With all the talk about the Data Domain acquisition, there less attention paid to EMC’s native de-dupe features in Celerra, not to mention its other related partnerships, such as with Ocarina for optimization of vertical applications. Last week I had the privilege of attending a webinar, “Surviving the Data Explosion through Data Reduction” with John Hayden, CTO of NAS Engineering at EMC, where I got a fuller picture of Celerra’s latest optimization features.
John provided us with insights on how the new Celerra NAS product integrates data optimization. And while he never mentioned Data Domain directly, an astute observer could see how well EMC is integrating prior acquisitions into its architecture, and draw conclusions from that.
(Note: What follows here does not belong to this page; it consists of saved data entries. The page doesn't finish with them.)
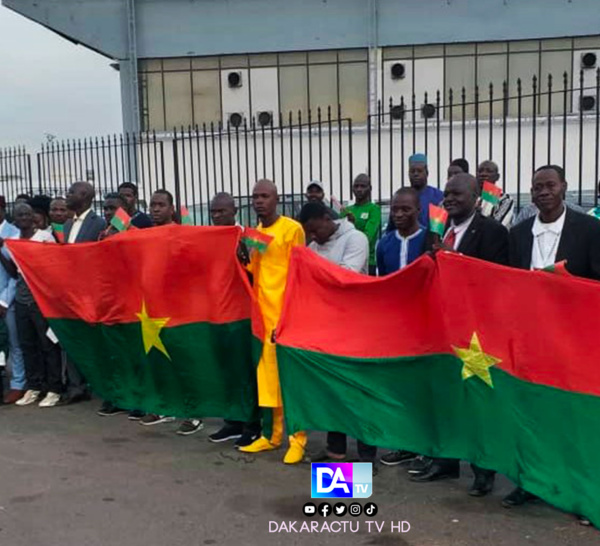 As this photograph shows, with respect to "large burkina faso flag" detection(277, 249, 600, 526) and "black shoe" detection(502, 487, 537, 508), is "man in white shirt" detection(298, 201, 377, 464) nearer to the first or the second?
"large burkina faso flag" detection(277, 249, 600, 526)

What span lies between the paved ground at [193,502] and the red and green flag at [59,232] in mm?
2041

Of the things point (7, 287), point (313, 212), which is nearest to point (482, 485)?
Result: point (313, 212)

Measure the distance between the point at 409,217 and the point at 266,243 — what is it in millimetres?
1034

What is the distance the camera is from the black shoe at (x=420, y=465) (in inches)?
200

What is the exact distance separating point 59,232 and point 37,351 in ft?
3.75

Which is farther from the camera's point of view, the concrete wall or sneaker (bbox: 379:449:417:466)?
the concrete wall

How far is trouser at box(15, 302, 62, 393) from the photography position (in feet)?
23.2

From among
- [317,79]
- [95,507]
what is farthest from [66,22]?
[95,507]

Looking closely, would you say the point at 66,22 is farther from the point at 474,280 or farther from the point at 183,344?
the point at 474,280

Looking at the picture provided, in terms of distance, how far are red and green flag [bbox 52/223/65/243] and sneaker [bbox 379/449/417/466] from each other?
378 cm

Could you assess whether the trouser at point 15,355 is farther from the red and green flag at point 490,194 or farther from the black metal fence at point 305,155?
the black metal fence at point 305,155

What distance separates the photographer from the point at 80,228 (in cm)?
714

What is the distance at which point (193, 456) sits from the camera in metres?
5.57

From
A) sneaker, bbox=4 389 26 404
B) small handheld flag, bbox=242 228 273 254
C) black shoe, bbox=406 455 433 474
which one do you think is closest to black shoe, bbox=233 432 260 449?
black shoe, bbox=406 455 433 474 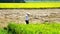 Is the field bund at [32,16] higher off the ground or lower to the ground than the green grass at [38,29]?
lower

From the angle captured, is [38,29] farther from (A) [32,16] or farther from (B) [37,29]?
(A) [32,16]

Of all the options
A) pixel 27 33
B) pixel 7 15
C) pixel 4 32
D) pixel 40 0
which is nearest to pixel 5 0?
pixel 40 0

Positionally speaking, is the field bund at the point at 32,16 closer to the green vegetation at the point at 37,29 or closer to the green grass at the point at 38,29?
the green vegetation at the point at 37,29

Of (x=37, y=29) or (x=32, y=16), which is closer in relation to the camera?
(x=37, y=29)

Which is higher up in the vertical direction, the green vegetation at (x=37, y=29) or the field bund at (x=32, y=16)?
the green vegetation at (x=37, y=29)

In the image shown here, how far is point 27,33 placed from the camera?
28.0 feet

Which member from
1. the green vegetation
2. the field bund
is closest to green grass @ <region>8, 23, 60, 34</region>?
the green vegetation

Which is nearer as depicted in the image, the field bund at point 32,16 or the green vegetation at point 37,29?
the green vegetation at point 37,29

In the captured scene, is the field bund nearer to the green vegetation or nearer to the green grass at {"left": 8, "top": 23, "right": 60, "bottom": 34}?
the green vegetation

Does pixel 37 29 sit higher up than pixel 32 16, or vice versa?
pixel 37 29

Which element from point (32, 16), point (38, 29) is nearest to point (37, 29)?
point (38, 29)

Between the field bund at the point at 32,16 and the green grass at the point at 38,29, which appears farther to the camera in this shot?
the field bund at the point at 32,16

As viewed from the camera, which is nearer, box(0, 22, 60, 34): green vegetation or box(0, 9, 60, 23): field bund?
box(0, 22, 60, 34): green vegetation

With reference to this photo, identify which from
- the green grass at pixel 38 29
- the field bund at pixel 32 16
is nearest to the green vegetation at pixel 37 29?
the green grass at pixel 38 29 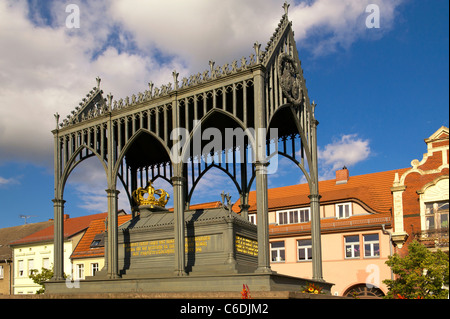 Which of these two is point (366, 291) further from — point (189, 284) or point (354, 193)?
point (189, 284)

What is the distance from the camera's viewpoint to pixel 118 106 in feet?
92.7

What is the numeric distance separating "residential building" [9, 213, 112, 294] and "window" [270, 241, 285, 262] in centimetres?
2106

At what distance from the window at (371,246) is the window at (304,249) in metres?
4.91

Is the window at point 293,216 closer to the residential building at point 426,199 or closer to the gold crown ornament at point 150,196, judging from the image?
the residential building at point 426,199

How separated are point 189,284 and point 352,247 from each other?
25549 millimetres

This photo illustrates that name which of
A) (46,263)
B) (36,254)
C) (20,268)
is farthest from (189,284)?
(20,268)

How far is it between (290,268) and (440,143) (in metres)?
16.1

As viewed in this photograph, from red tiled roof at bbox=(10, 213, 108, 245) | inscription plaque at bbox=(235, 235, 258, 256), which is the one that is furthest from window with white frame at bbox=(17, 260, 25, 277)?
inscription plaque at bbox=(235, 235, 258, 256)

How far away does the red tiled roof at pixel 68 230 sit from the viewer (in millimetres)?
58938

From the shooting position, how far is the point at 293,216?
4991cm

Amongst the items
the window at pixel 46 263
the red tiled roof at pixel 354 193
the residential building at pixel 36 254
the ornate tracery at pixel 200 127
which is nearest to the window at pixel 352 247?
the red tiled roof at pixel 354 193

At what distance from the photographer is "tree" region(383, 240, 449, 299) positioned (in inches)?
1342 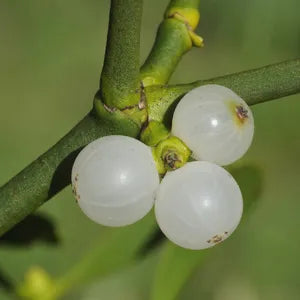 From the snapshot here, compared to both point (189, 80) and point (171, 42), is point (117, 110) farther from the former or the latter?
point (189, 80)

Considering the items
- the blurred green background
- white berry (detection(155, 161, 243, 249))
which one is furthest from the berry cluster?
the blurred green background

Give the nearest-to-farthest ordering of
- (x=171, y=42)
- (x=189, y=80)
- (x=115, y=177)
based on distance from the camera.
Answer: (x=115, y=177) → (x=171, y=42) → (x=189, y=80)

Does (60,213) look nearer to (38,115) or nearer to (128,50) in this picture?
(38,115)

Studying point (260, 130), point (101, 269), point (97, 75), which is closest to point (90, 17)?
point (97, 75)

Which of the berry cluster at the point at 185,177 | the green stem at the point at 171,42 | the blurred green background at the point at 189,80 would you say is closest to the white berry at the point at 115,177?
the berry cluster at the point at 185,177

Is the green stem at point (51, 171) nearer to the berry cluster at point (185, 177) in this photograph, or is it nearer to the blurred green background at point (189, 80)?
the berry cluster at point (185, 177)

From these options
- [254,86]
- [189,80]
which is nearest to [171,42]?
[254,86] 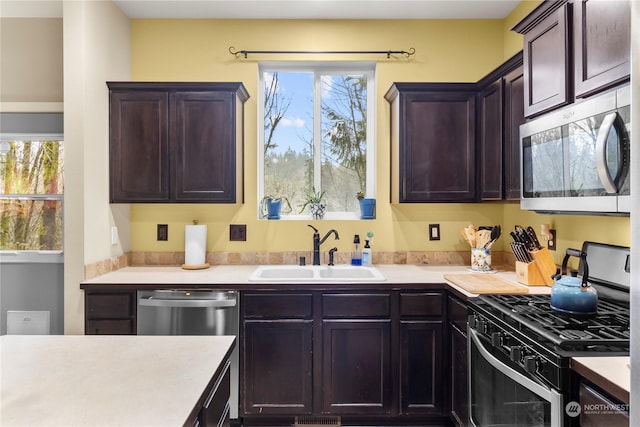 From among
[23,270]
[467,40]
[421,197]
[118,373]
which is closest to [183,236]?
[23,270]

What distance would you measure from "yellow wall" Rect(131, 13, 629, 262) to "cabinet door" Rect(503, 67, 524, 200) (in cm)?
73

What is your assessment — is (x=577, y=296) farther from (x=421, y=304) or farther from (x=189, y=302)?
(x=189, y=302)

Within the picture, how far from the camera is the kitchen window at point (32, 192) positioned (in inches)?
103

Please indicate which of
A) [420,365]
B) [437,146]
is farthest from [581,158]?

First, he provided us with a couple of interesting factoids from the Digital Universe research EMC sponsored for IDC:
- In 2009 there is positive growth in digital content, but IT spending for servers & storage are down 6%
- Over the next 4 years, data will grow 5x, but IT budgets will only grow 1.2x
- The administrative and overhead cost of storage is 4-7x the CapEx
This was all a prelude to John discussing the new data optimization features for their Celerra NAS product. It’s great to see the NAS vendors recognizing the value of data optimization as a central part of the NAS stack. Drilling a little deeper, EMC basically pulled together file-level deduplication (single instance storage or SIS) from the Avamar acquisition, and LZ77 data-generic compression from their Recoverpoint acquisition. SIS + LZ77 are a good price-performance combination for generic office files and text docs, but they don’t make much of a dent where we see the real capacity and scalability challenges; vertical applications such as life sciences, oil & gas, and media. In fact, the use of generic compression is becoming impotent against the latest MS Office docs that use ZIP as a container. If you change a single text character in an office doc, the entire file changes.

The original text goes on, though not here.